Task to complete: Reproduce the data exactly as given, except for any images.

── Provided material ──

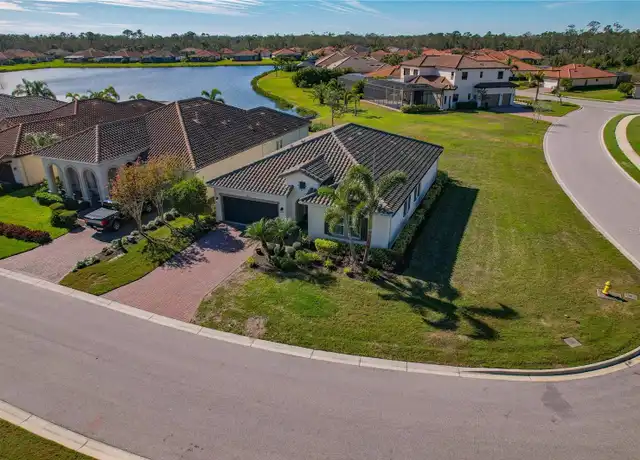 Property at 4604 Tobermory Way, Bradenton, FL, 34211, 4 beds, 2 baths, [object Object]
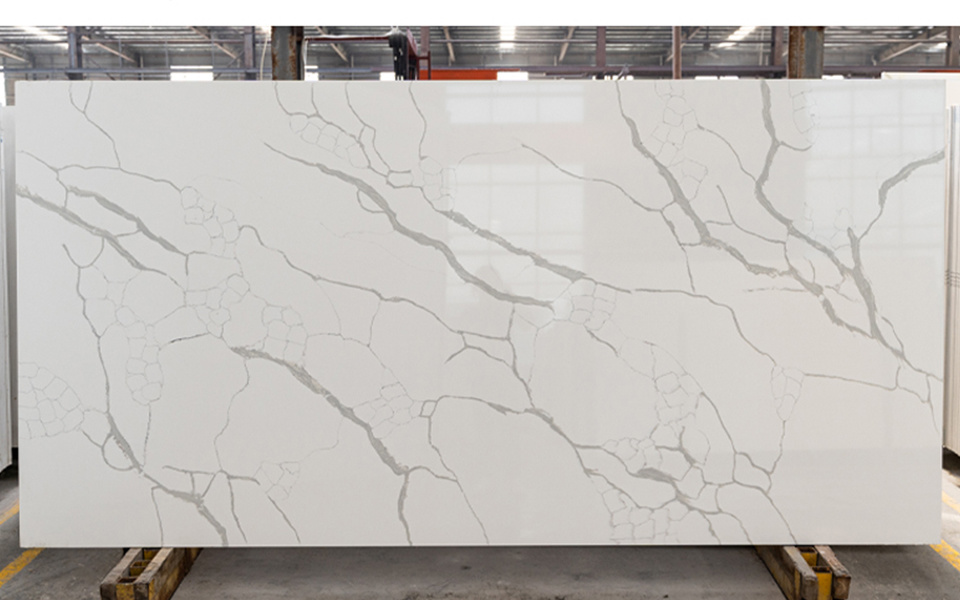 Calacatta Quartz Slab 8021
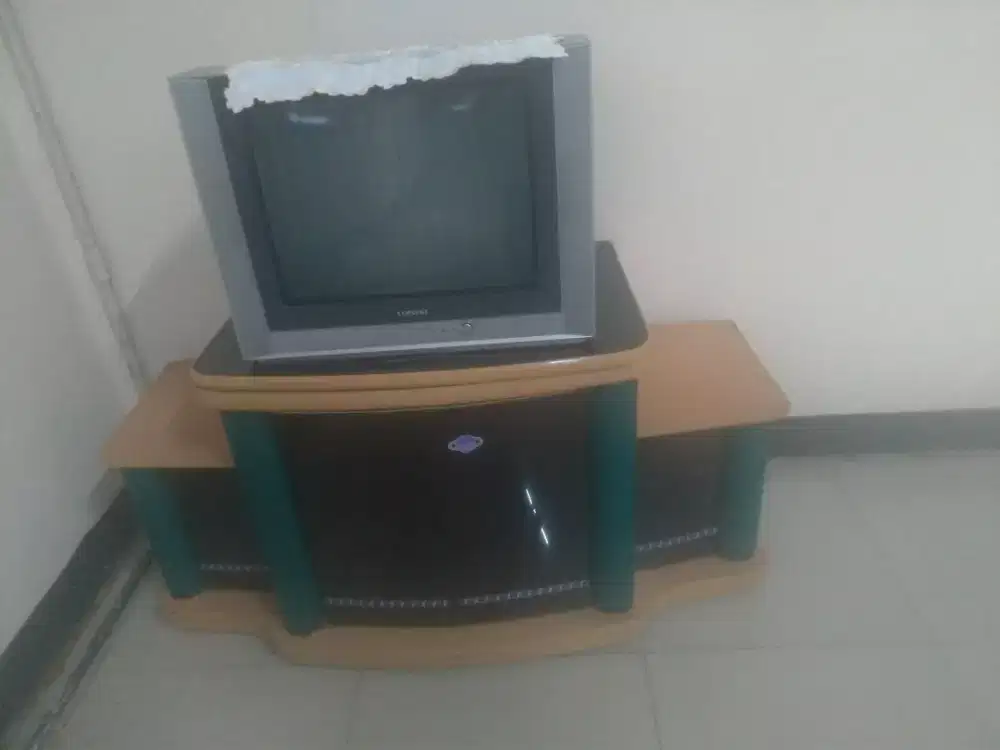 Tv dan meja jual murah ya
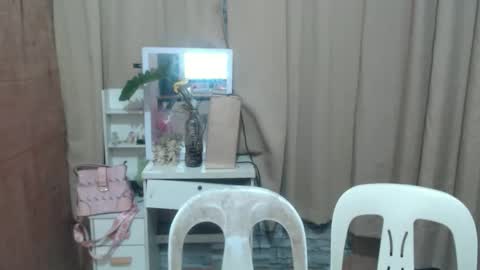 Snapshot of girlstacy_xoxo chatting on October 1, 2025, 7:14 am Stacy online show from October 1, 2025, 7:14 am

───

Response area:
 Property at 4604 Tobermory Way, Bradenton, FL, 34211, 4 beds, 2 baths, [object Object]
 Calacatta Quartz Slab 8021
 Tv dan meja jual murah ya
 Snapshot of girlstacy_xoxo chatting on October 1, 2025, 7:14 am Stacy online show from October 1, 2025, 7:14 am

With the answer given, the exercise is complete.